Reporting quarterly trading in line with targets, the group said that since February, its Trent XWB engine had taken to the skies for the first time for a test flight on an Airbus A380, while it had also opened new manufacturing facilities in Singapore.
The site will be used to build wide chord fan blades, which are used to suck air into jet engines, as well as to assemble and test large commercial jet engines.
Rolls-Royce has done better than most of its rivals in coping with the squeeze on defence budgets precipitated by the economic downturn.
The company said this year that it planned to double its revenues within the coming decade, and has recently been buoyed by a series of contract wins.
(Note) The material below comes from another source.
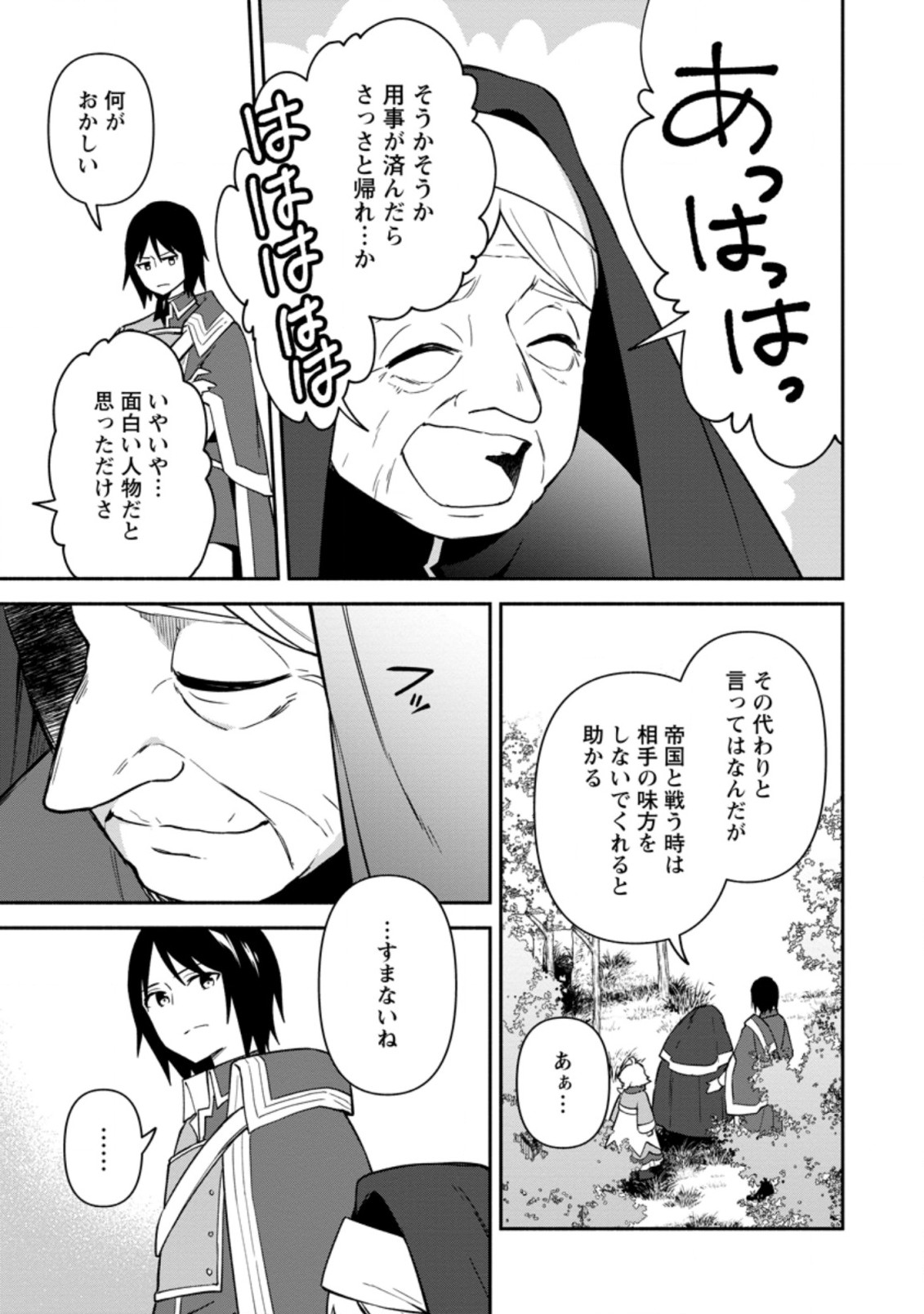 BINBOU KOKKA NO KUROJI KAIKAKU (MANGA) - raw - Chapter 20.2 - https://jpdd.ccdd.to/JPDD/binboukokkanokurojikaikakumanga/214494/02vurhqnt3y.jpg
At the end of April, the company signed a contract worth as much as $598m to supply engines for the US Marine Corps and Air Force’s V-22 tilt rotor aircraft.
On May 1, it announced a contract worth $315m from Pratt & Whitney to supply the Rolls-Royce LiftSystem for 17 F-35B Lightning II aircraft.
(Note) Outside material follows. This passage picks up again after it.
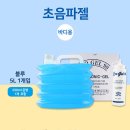 승원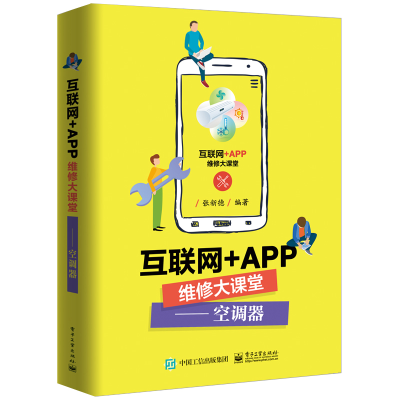 [M]互联网+APP维修大课堂:空调器-9787121374050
Rolls-Royce is the only company in the world to make the technology that enables F-35B to perform the vertical landings that are a crucial part of the aircraft’s flexibility.
The company has benefited from a strong performance by Tognum, its marine and industrial engine joint venture with Daimler.
Although shares in the FTSE 100 company were down 6p at 853p in early afternoon trading in a declining London market, they remain within range of the all-time high of 863p reached on May 2.